Brunello di Montalcino is one of Italy's most famous and prestigious wines. In Tuscany, its homeland, it perhaps ranks alongside Chianti Classico. All Brunello di Montalcino wine is made exclusively from Sangiovese Grosso grape (a clone of Sangiovese) grown on the slopes around Montalcino – a village 30 kilometers (20 miles) south of Siena.

DOCG regulations require Brunello vineyards to be planted on hills with good sun exposure, at altitudes not surpassing 600 meters (1968ft). This limit is intended to ensure the grapes reach optimal ripeness and flavor before being harvested. Any higher than 600m and the mesoclimate becomes cooler to the point of unreliability. Fortunately the climate in Montalcino is one of the warmest and driest in Tuscany. Achieving full ripeness is consequently a rarely encountered problem for Brunello's vignerons.
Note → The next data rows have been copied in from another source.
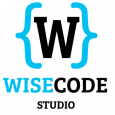 Wisecode Studio
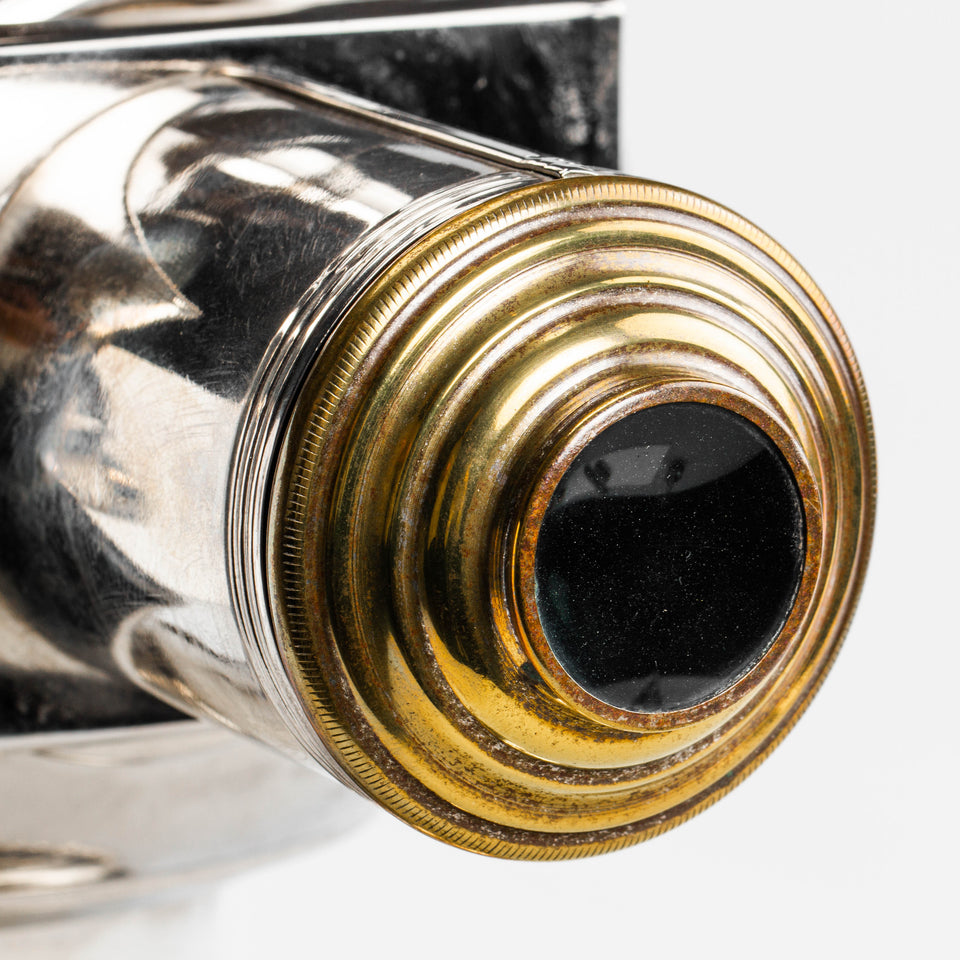 Lapierre, France Lampadophore Magic Lantern – Vintage Cameras & Lenses – Coeln Cameras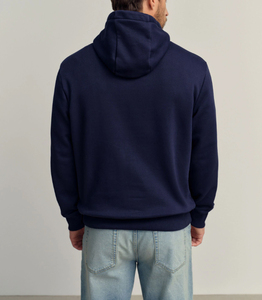 OEM ODM disponible personnalisé unisexe qualité supérieure pulls à capuche lourds polaire hiver chaud Streetwear séchage rapide - Product Image 3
In good years the Sangiovese Grosso grapes ripen up to a week earlier than those in nearby Chianti and Montepulciano.

According to the disciplinare di produzione (the legal document laying out the wine's production laws) for Brunello di Montalcino, Brunello must be made from 100 percent Sangiovese and aged for at least four years (five for riserva wines). Two of these years must be spent in oak, and the wine must be bottled at least four months prior to commercial release.

The wine is typically garnet in color with aromas of red and black fruit with underlying vanilla and spice, and perhaps a hint of earthiness. The wines are usually full bodied with alcohol levels around 14 or 15 percent abv. Good tannic structure and bright acidity provides balance.